**EXERCISE OBJECTIVE:** Every entry needs to be repeated exactly, with nothing left out.

**SOURCE INFORMATION:**
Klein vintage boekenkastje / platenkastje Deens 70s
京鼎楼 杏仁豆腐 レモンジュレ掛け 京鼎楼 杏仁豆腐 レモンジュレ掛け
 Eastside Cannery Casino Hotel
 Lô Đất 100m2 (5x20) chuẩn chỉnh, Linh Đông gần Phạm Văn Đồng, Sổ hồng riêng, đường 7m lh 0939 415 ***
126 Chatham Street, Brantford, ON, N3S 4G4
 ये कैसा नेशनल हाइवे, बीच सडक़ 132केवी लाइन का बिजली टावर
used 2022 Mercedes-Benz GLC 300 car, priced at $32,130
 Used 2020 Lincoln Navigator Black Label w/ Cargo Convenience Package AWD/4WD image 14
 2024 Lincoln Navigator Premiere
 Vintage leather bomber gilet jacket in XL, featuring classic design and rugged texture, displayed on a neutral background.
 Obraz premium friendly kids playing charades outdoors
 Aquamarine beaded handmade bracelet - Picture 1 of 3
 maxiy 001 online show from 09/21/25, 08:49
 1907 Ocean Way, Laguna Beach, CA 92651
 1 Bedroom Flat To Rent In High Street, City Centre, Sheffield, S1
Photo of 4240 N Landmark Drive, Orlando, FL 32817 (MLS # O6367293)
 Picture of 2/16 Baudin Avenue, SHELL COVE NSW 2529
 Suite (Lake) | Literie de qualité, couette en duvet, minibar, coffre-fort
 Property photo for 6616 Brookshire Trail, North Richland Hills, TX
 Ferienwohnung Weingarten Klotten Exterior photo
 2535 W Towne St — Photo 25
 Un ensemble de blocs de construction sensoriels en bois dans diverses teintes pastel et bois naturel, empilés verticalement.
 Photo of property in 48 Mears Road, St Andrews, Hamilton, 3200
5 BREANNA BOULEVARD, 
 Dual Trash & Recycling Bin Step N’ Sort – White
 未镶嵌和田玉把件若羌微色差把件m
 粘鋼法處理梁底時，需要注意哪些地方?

**RESULT OF THE EXERCISE:**
Klein vintage boekenkastje / platenkastje Deens 70s
京鼎楼 杏仁豆腐 レモンジュレ掛け 京鼎楼 杏仁豆腐 レモンジュレ掛け
 Eastside Cannery Casino Hotel
 Lô Đất 100m2 (5x20) chuẩn chỉnh, Linh Đông gần Phạm Văn Đồng, Sổ hồng riêng, đường 7m lh 0939 415 ***
126 Chatham Street, Brantford, ON, N3S 4G4
 ये कैसा नेशनल हाइवे, बीच सडक़ 132केवी लाइन का बिजली टावर
used 2022 Mercedes-Benz GLC 300 car, priced at $32,130
 Used 2020 Lincoln Navigator Black Label w/ Cargo Convenience Package AWD/4WD image 14
 2024 Lincoln Navigator Premiere
 Vintage leather bomber gilet jacket in XL, featuring classic design and rugged texture, displayed on a neutral background.
 Obraz premium friendly kids playing charades outdoors
 Aquamarine beaded handmade bracelet - Picture 1 of 3
 maxiy 001 online show from 09/21/25, 08:49
 1907 Ocean Way, Laguna Beach, CA 92651
 1 Bedroom Flat To Rent In High Street, City Centre, Sheffield, S1
Photo of 4240 N Landmark Drive, Orlando, FL 32817 (MLS # O6367293)
 Picture of 2/16 Baudin Avenue, SHELL COVE NSW 2529
 Suite (Lake) | Literie de qualité, couette en duvet, minibar, coffre-fort
 Property photo for 6616 Brookshire Trail, North Richland Hills, TX
 Ferienwohnung Weingarten Klotten Exterior photo
 2535 W Towne St — Photo 25
 Un ensemble de blocs de construction sensoriels en bois dans diverses teintes pastel et bois naturel, empilés verticalement.
 Photo of property in 48 Mears Road, St Andrews, Hamilton, 3200
5 BREANNA BOULEVARD, 
 Dual Trash & Recycling Bin Step N’ Sort – White
 未镶嵌和田玉把件若羌微色差把件m
 粘鋼法處理梁底時，需要注意哪些地方?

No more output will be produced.